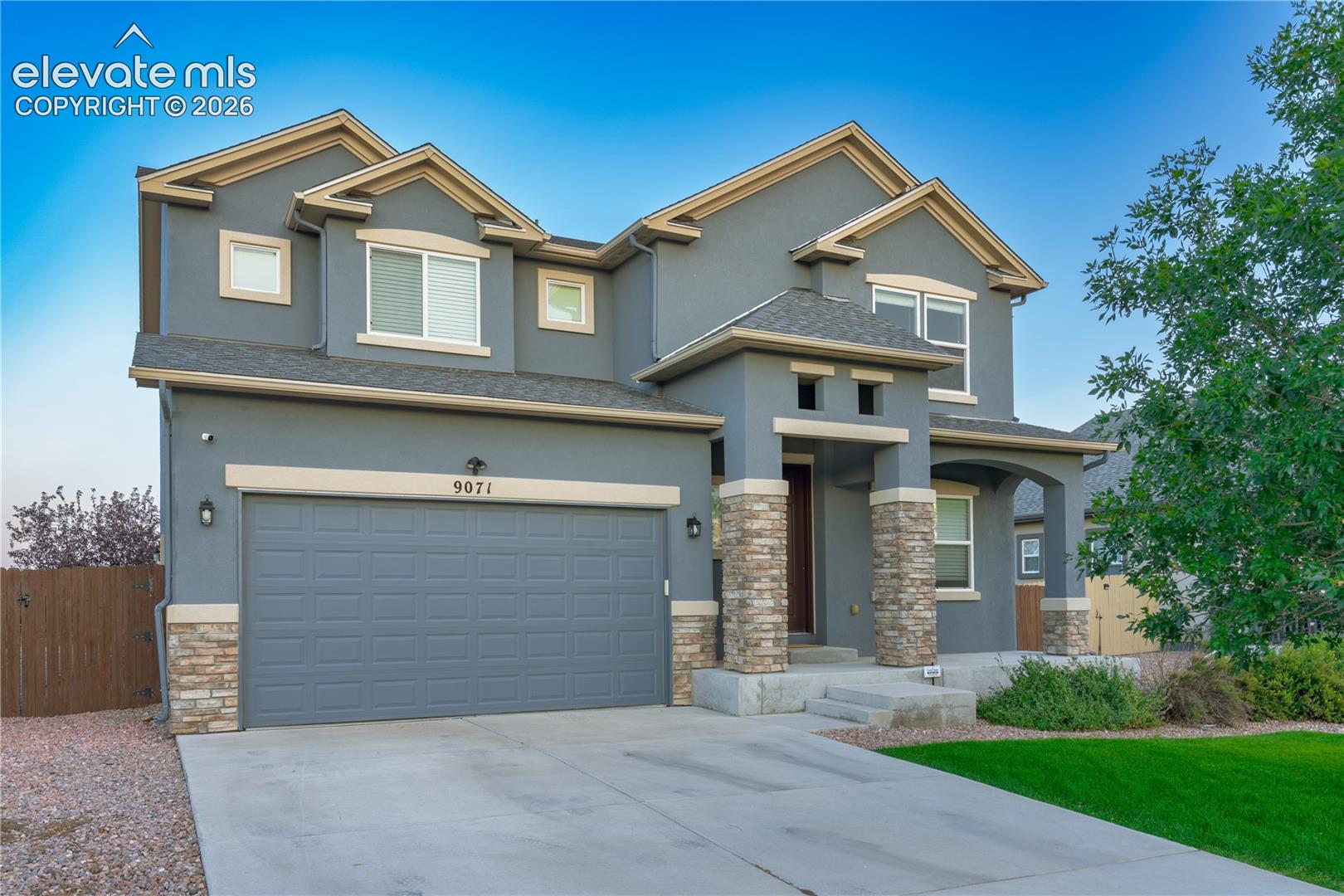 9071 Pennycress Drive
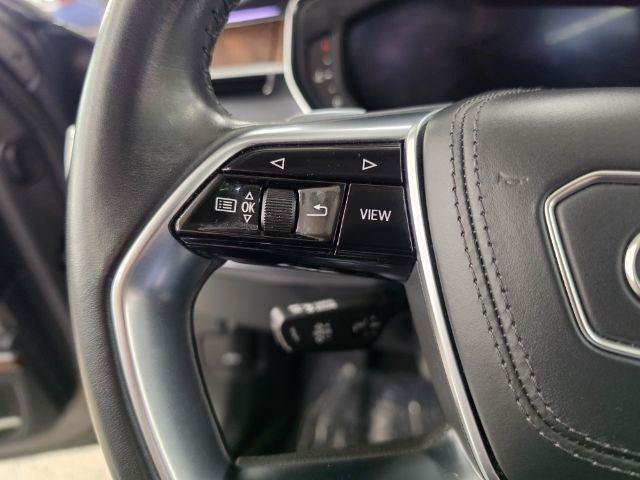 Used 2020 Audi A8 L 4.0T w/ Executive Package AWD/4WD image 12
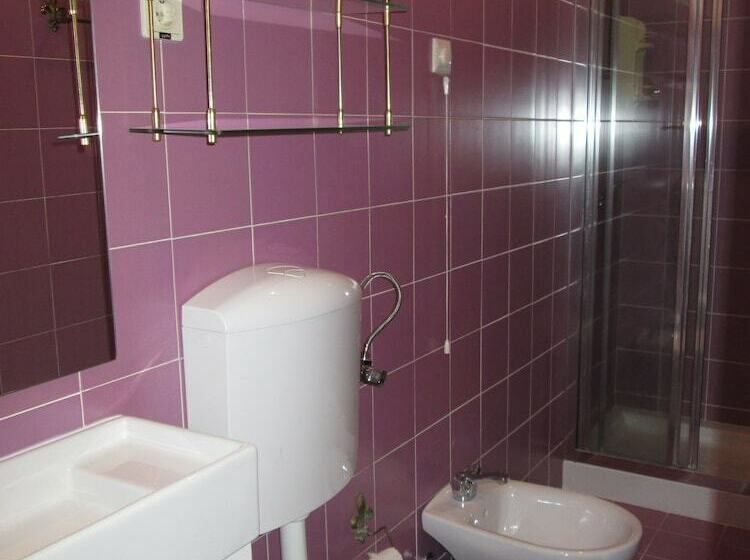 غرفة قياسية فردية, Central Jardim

Your task >> Repeat the data verbatim, excluding all pictures.

Problem solution >>
 9071 Pennycress Drive
 Used 2020 Audi A8 L 4.0T w/ Executive Package AWD/4WD image 12
 غرفة قياسية فردية, Central Jardim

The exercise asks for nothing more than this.